Bragar Eagel & Squire, P.C. Reminds Investors That Class Action Lawsuits Have Been Filed Against UP Fintech, Quad/Graphics, Tandy Leather, and Resideo Technologies and Encourages Investors to Contact the Firm

24 Days ago

NEW YORK, Nov. 13, 2019 (GLOBE NEWSWIRE) -- Bragar Eagel & Squire, P.C., a nationally recognized shareholder law firm, reminds investors that class action lawsuits have been commenced on behalf of stockholders of UP Fintech Holding Limited (NASDAQ: TIGR), Quad/Graphics, Inc. (NYSE: QUAD), Tandy Leather Factory, Inc. (NASDAQ: TLF), and Resideo Technologies, Inc. (NYSE: REZI). Stockholders have until the deadlines below to petition the court to serve as lead plaintiff. Additional information about each case can be found at the link provided.

UP Fintech Holding Limited (NASDAQ: TIGR)

Class Period: Securities purchased pursuant and/or traceable to the Company’s initial public offering conducted on or about March 20, 2019 (the “IPO” or “Offering”) and/or purchased between March 20, 2019 and May 16, 2019 (the “Class Period”).

Lead Plaintiff Deadline: January 6, 2020

On February 22, 2019, Fintech filed a registration statement on Form F-1 with the SEC in connection with the IPO, which was declared effective by the SEC on March 19, 2019 (the “Registration Statement”). The Registration Statement was filed with respect to the underlying Class A ordinary shares represented by the ADSs to be sold in the IPO.

On March 20, 2019, Fintech filed a prospectus for the IPO (the “Prospectus”), which incorporated and formed part of the Registration Statement (collectively, the “Offering Documents”). That same day, Fintech announced the pricing of its IPO of 13 million ADSs, each representing fifteen Class A ordinary shares of the Company, at $8.00 per ADS. The ADSs began trading the same day on the NASDAQ under the symbol “TIGR.” Fintech raised $104 million in proceeds from the IPO.

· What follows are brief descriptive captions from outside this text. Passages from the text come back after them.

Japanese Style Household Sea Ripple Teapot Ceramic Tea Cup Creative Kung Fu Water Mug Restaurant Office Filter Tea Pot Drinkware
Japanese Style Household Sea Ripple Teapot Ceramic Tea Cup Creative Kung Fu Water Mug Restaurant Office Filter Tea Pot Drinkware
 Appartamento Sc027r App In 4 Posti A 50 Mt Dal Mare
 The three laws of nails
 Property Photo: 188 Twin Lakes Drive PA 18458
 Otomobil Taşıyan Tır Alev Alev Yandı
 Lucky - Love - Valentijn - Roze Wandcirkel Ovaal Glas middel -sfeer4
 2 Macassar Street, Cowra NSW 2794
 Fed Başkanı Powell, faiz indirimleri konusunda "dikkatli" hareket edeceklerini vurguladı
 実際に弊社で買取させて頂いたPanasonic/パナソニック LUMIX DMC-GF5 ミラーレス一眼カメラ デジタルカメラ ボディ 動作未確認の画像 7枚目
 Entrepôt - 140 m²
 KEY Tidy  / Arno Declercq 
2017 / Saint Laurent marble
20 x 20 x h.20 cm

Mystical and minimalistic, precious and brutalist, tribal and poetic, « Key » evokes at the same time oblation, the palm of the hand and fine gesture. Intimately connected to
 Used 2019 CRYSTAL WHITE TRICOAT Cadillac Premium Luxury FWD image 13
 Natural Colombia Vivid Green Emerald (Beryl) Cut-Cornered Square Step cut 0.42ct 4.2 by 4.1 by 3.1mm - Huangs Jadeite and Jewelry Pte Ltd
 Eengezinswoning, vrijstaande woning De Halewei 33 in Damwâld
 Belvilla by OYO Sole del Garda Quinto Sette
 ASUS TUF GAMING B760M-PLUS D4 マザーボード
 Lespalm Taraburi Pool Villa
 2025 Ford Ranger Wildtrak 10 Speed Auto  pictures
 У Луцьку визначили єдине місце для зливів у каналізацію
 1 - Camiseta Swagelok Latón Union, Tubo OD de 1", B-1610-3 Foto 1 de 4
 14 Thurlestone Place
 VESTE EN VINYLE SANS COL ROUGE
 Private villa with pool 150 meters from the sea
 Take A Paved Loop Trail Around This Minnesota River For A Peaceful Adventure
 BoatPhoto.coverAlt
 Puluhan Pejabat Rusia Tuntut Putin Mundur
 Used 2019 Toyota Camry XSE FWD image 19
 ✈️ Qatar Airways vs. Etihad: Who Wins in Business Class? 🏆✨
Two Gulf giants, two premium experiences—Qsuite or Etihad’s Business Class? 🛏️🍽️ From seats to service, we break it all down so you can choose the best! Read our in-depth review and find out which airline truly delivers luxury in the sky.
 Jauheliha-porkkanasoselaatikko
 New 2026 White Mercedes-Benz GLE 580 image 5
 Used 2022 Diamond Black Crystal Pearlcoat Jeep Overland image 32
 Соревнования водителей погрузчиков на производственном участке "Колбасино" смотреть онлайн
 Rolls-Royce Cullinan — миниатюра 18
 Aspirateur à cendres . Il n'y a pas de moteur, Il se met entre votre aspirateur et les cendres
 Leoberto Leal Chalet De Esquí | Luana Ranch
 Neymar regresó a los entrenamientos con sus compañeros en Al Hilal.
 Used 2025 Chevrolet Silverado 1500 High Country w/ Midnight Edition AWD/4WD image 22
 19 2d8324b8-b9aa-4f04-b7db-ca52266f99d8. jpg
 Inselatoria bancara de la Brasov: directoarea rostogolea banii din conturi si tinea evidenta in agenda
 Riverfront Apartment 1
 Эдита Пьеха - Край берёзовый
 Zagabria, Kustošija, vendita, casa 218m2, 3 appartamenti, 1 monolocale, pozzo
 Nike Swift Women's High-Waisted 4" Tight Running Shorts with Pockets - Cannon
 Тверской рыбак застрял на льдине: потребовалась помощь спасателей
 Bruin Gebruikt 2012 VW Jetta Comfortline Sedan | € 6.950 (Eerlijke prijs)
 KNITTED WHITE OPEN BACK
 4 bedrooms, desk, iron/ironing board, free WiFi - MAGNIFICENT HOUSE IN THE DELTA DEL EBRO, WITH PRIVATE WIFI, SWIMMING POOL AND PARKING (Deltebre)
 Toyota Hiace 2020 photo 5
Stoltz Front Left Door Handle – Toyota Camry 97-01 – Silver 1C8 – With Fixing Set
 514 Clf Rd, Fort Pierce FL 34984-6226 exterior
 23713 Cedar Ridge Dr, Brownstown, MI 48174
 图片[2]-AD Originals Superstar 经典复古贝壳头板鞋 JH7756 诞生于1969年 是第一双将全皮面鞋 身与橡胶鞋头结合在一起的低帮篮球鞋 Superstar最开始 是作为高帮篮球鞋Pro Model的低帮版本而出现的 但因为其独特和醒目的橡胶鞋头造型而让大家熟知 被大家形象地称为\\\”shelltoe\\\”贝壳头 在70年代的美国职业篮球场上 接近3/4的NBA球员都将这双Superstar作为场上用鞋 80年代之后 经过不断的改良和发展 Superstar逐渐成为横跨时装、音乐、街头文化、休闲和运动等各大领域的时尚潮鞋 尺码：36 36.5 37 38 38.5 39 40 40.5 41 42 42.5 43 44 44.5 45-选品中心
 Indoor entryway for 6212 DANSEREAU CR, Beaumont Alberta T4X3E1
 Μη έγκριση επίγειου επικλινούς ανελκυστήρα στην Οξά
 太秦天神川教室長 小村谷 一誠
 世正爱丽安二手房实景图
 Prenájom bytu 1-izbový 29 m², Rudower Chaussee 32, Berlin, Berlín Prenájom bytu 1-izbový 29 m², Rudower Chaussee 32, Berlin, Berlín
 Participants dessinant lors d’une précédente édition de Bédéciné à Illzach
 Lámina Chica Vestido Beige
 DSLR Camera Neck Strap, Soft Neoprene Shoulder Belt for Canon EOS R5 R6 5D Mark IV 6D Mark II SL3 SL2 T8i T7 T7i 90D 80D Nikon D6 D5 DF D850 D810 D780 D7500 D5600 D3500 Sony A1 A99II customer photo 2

The complaint, filed on November 6, 2019, alleges that the Offering Documents were negligently prepared and, as a result, contained untrue statements of material fact or omitted to state other facts necessary to make the statements made not misleading and were not prepared in accordance with the rules and regulations governing their preparation. Additionally, throughout the Class Period, defendants made materially false and misleading statements regarding the Company’s business, operational and compliance policies. Specifically, in the Offering Documents and during the Class Period, defendants made false and/or misleading statements and/or failed to disclose that: (i) Fintech was experiencing a material decrease in commissions because of a negative trend related to risk averse investors in the market; (ii) Fintech was unable to absorb costs associated with the rapid growth of its business and its status as a publicly listed company on a U.S. exchange; (iii) Fintech was incurring significant additional expenses related to, inter alia, employee headcount and employee compensation and benefits; (iv) all of the foregoing had led to Fintech significantly increasing operating costs and expenses; and (v) as a result, the Offering Documents were materially false and/or misleading and failed to state information required to be stated therein, and the Company’s Class Period statements were likewise materially false and/or misleading.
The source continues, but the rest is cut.